Konuş bizimle Pasolini

Seray Şahinler

Haberin Devamı

Nevşehir’den hemen çıkar çıkmaz

uçuk pembe ve koyu sarı renkler, eski şarap küplerinin rengi gibi-

kâh donuk kâh soluk-ve biraz da mütevazı

sarı kahveye çalan (ama aynı zamanda koyu kükürt sarısı)

Artık sanatsal metinler yazmasam da… ama şöyle bir

gerçek var ki Kapadokya’nın bu bölgesine yayılan bu renkler;

şiirsel buğday tarlalarıyla bezenmiş (teraslar, meydanlar vs.)

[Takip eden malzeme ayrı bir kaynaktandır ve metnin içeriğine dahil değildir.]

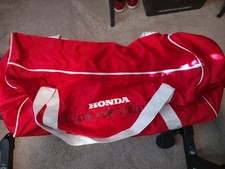 Honda large duffle bag vintage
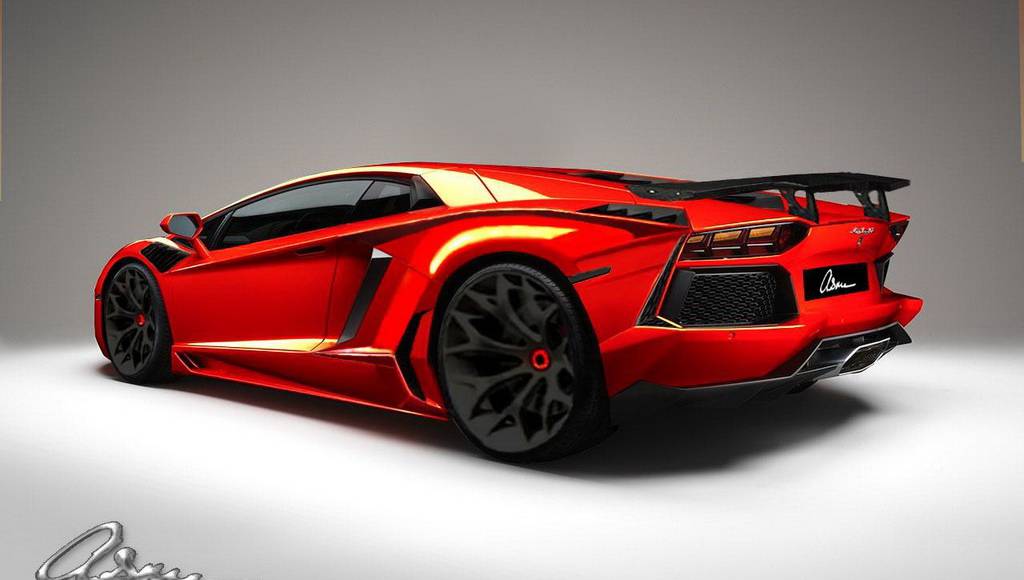 ASMA Design Lamborghini Aventador Preview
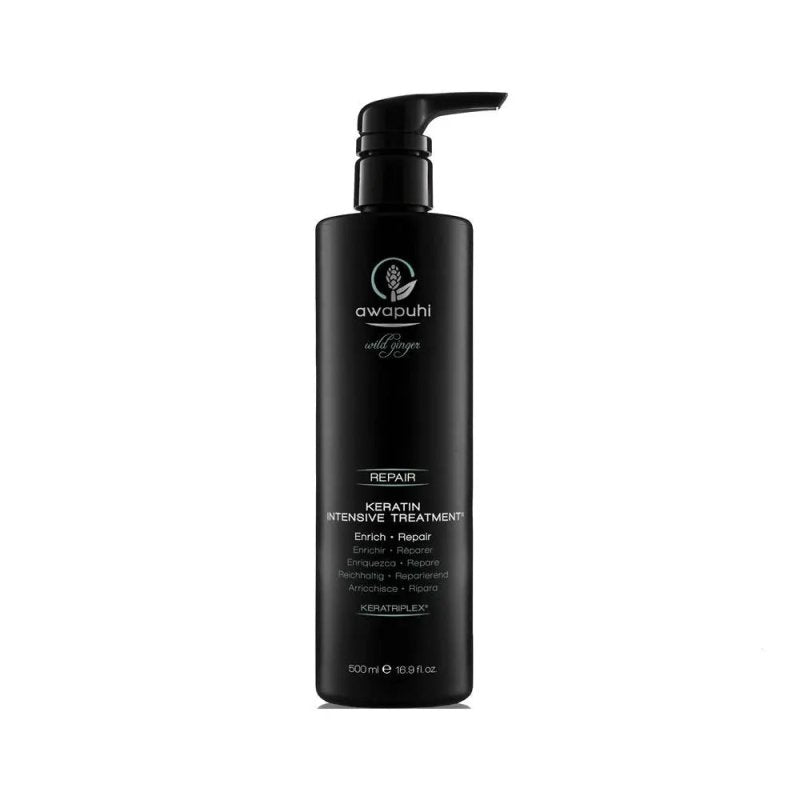 Awapuhi Wild Ginger Keratin Intensive Treatment 150ml - Planethair 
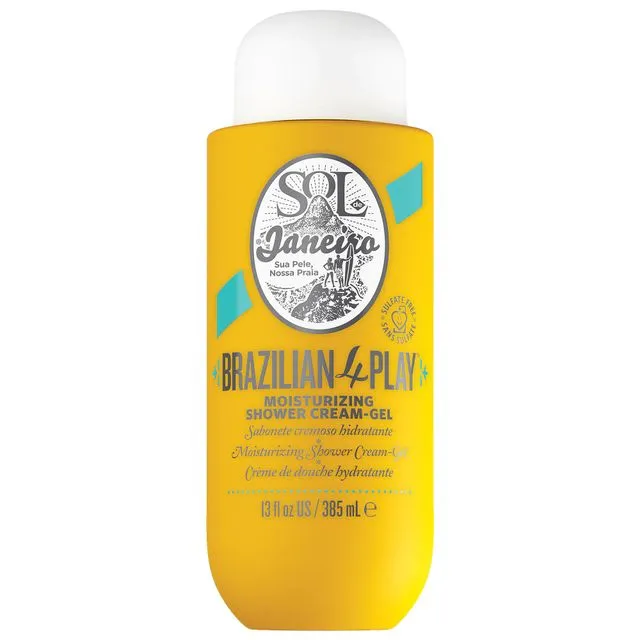 Brazilian Play Moisturizing Shower Cream-Gel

binlerce büyüleyici vadi (yukarıdakiler de dahil) -Pasolini, “Çay ve elmalar”, Güllüdere Vadisi, 1969

Bu sözler, dünya sinemasının efsane yönetmenlerinden, aynı zamanda yazar ve şair olan Pier Paolo Pasolini’ye ait. İtalyan yönetmen 1969’da yeni filmi “Medea” için yer arayışındayken Kapadokya’yı keşfediyor. Peri Bacaları’nın büyüsüne kapılan yönetmen filmi burada çekmeye karar veriyor. Operanın divalarından Maria Callas’ın başrolde olduğu “Medea”nın çekimleri Nisan 1969’da başlıyor. Oyunculara yerel halktan oluşan 100 kişilik figüran kadrosu eşlik ediyor ve Callas kadar Kapadokya da filmin başrolü oluyor.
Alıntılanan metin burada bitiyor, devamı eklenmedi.